ASSIGNMENT: Leave out the pictures, and retype the remaining data exactly.

COLLECTED DATA:

———

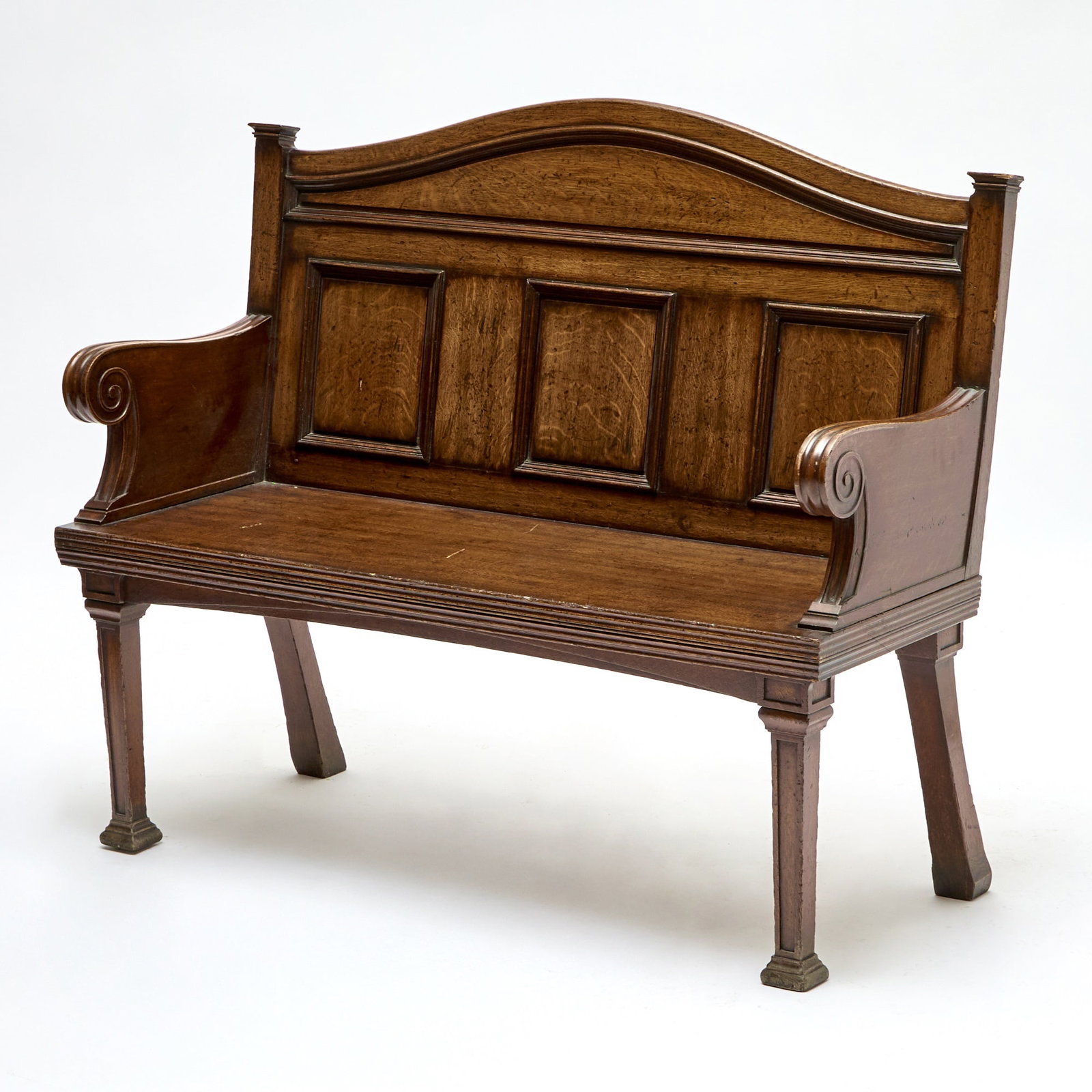 English Oak Hall Bench: Height 40 inches, width 51 inches, depth 21 inches. losses, old marks and scratches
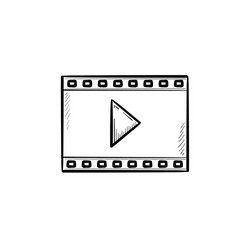 Video frame of entertainment movie hand drawn vector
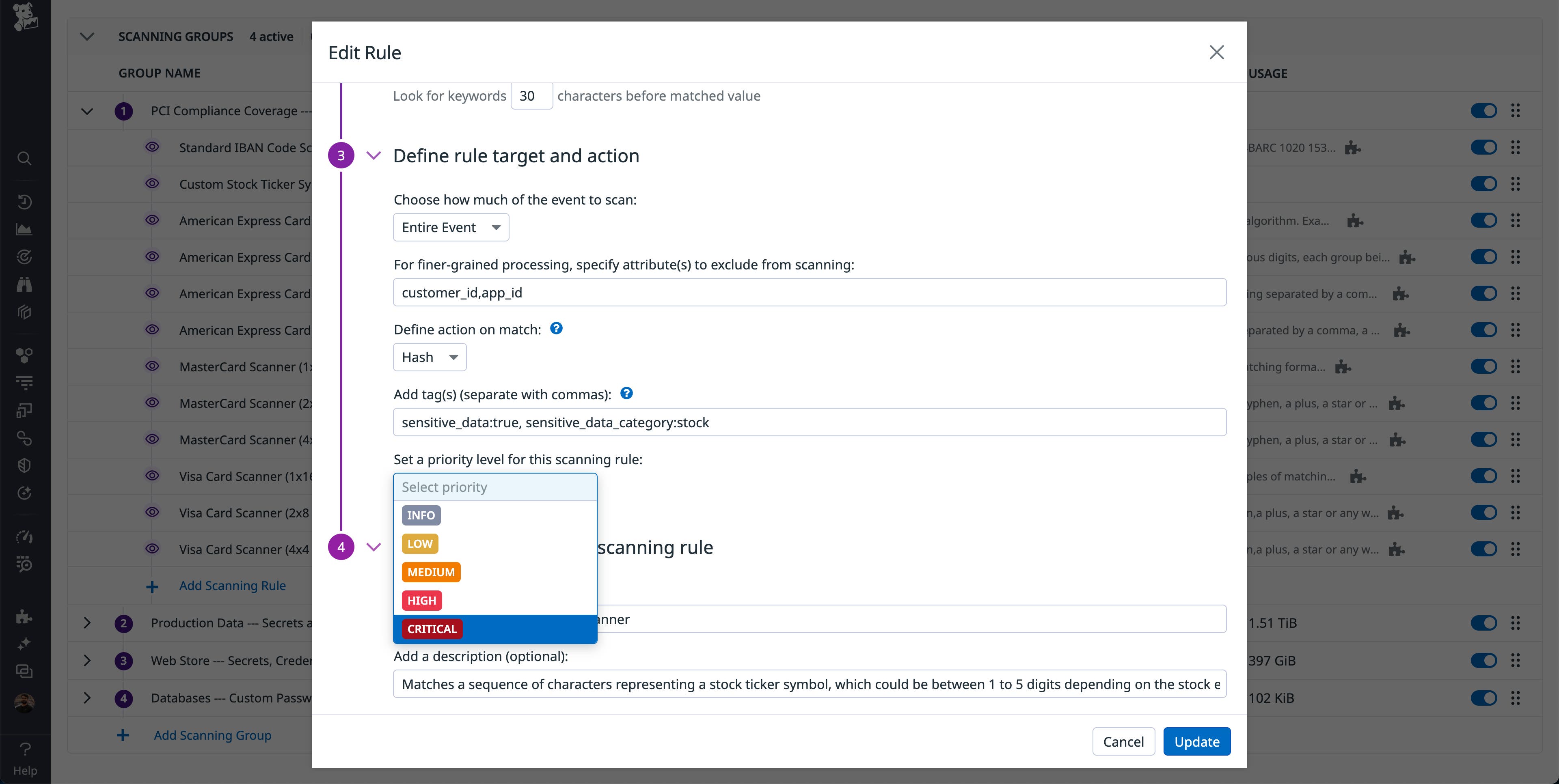 Setting a priority level for a rule. Setting a priority level for a rule.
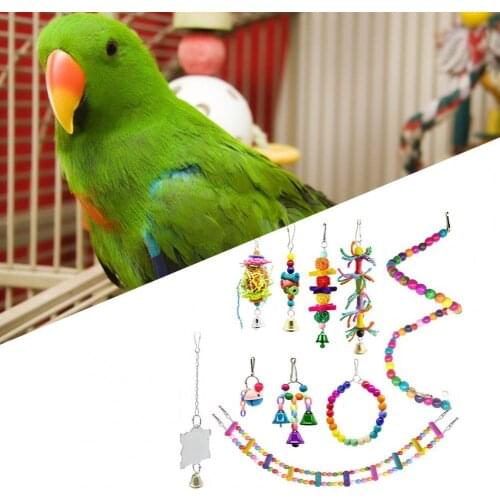 10Pcs/Set Chew Toy Hanging Bite Resistant Pet Supplies Parrot Chewing Cage Accessories for Bird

———

SOLVED PROBLEM:
 English Oak Hall Bench: Height 40 inches, width 51 inches, depth 21 inches. losses, old marks and scratches
 Video frame of entertainment movie hand drawn vector
 Setting a priority level for a rule. Setting a priority level for a rule.
 10Pcs/Set Chew Toy Hanging Bite Resistant Pet Supplies Parrot Chewing Cage Accessories for Bird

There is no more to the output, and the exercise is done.